Old Henry

Old Henry pre-light

This week’s Wednesday review is of the Don Pepin blend produced for Holt’s, known as Old Henry, in the robusto vitola (5×50). I bought a small humidor from them a little over a month ago while they were having issues with their web site and included this as a freebie because of the inconvenience.

Pre-light the wrapper was a little darker than most of the Pepin’s I’ve had and was more of a matte finish than the oily appearance I’ve become accustomed to. There was little to no give to the cigar when squeezed between the fingers, save for a few spots this cigar was hard as a rock. The head clipped cleanly revealing a firm draw but not as bad as I had feared based on the feel. The first few draws were a bit harsh but I try not to judge to harshly from the first half-inch or so. I haven’t had that many cigars that started out fantastic go really bad on me, but I have had quite a few that started off less than impressive only to become quite enjoyable as the burn went on.
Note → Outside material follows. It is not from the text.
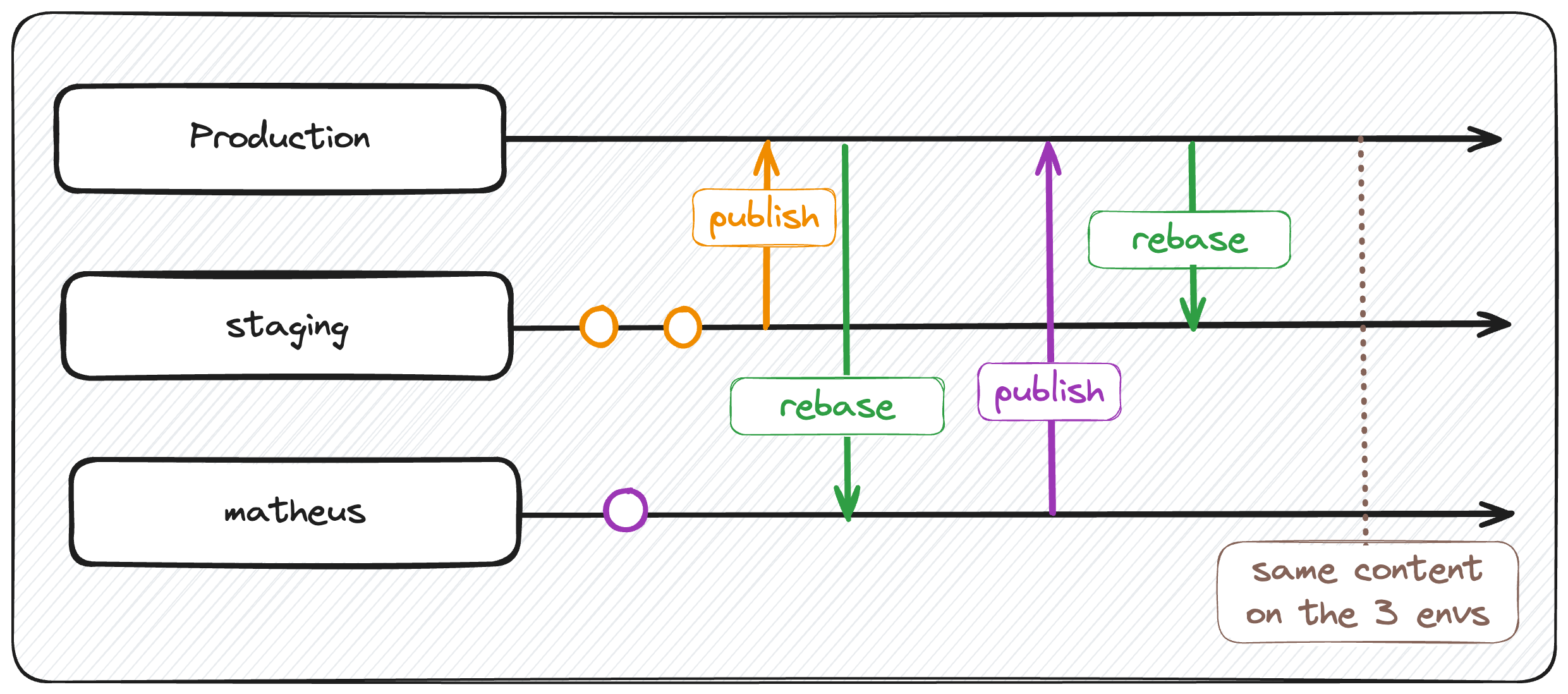 Example of releases operations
The first third was spicy, but more of a nutmeg or cinnamon spice than the peppery spice I have come to expect from a Pepin blend. Something about the flavor profile seemed familiar but I couldn’t quite place it at this point. The body was definitely full but that shouldn’t come as much of a surprise to anyone familiar with Don Pepin Garcia’s blends. Almost from the start the burn was uneven, and while it never required a major touch up it never really straightened out either.

Old Henry first third

As I got into the second third I finally realized that the familiar flavor I was picking up was the same gingerbread flavor I got from the Tatuaje Havana VI Angeles. It wasn’t present the whole time but crept up occasionally and was unmistakable when it reared its head. The harshness from the beginning subsided and while the smoke was pleasant it never really made me say, “Wow!” like the Don Pepin Serie JJs I’ve smoked (my favorite Pepin). Minor touch ups were necessary to keep it from canoing which was a minor distraction but it touched up easily and continued pumping out full-bodied white smoke.

Old Henry second third

I found the Old Henry similar in body to the Pepin Blue label and Cuban Classic (black label) but not quite as peppery as either of them. I prefer the Cuban Classic, but would have to give the edge to the Old Henry over the Blue Label, though all three are more full bodied and spicy than my regular rotation.
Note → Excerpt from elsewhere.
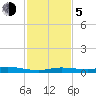 Toms Harbor Cut tide chart for Tuesday, December 5, 2023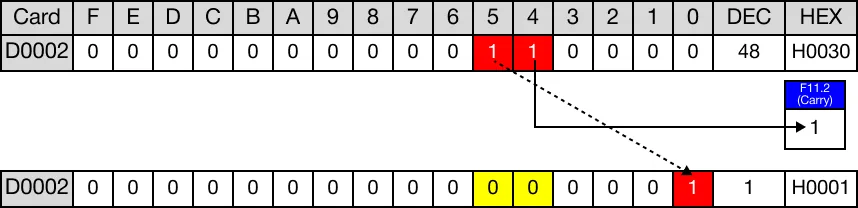 Ladder Diagram Example Ladder Diagram Example for MapleLogic SFR/SFRP instruction.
Just past the half-way mark the harshness from the beginning began to show up again bringing with it a bitter, metallic taste. I tried a purge, which cooled it down a bit and help to keep the bitter tastes less frequent but didn’t make them go away. A shame since the draw actually improved at that point (guess I found the plug). Shortly after the purge the harsh, bitter flavors took over and I had to set it down.

Old Henry last third

For the price I paid I’ve got no complaints. I don’t even think I would be upset with having bought a single that smoked like this for $5. Now if I had a whole box that smoked like this I would definitely not be happy. If the good parts of this cigar lasted for the whole cigar I think it would be a really good bargain. Based on the fact that these are only available at Holt’s and there are so many Pepins I’ve still yet to try I can’t say I see myself getting back to this one any time soon.